Evaluating methods to classify sugarcane planting using convolutional neural network and random forest algorithms
International Journal of Development Research
Evaluating methods to classify sugarcane planting using convolutional neural network and random forest algorithms
Received 14th September, 2020; Received in revised form 06th October, 2020; Accepted 29th November, 2020; Published online 30th December, 2020
Copyright © 2020, Flávio Henrique dos Santos Silva et al. This is an open access article distributed under the Creative Commons Attribution License, which permits unrestricted use, distribution, and reproduction in any medium, provided the original work is properly cited.
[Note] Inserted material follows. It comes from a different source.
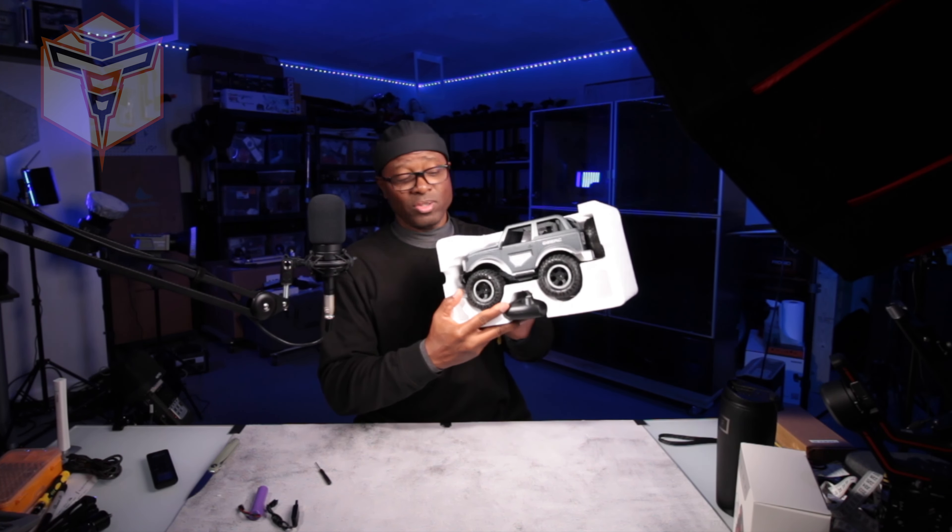Got a nice little small controller which requires two AA batteries which are not included. And then we have the awesome little truck.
This work aimed to develop an algorithm based on Convolutional Neural Networks and to compare it to a GIS plugin for automatic classification of sugarcane planting areas in medium spatial resolution images from Remote Sensing (RS) at municipality of Coruripe/AL, Brazil. We used Qgis software to process Land Remote Sensing Satellite (Landsat) images and to calculate sugarcane class areas in 2018, followed by Python, OpenCV, Keras and Tensorflow for developing algorithm to images training and classification, and finally, used Random Forest Classifier (RF) algorithm. Neural network algorithm classified samples obtained from 2018 image and mapped 172,65 km² of Sugarcane class and 71,71 km² of Not Sugarcane class. Já para classificação utilizando as amostras de 1986 + 2018 delimitou 155,95 km² de classe SUGARCANE e 88,41 km² como NOT SUGARCANE. Both Neural Network and Random Forest algorithms presented similar results, mainly in relation to the value of the area classified as Sugarcane and Not Sugarcane. Random Forest method performance for classification proven can validate algorithms developed in convolutional neural network for Remote Sensing data classification.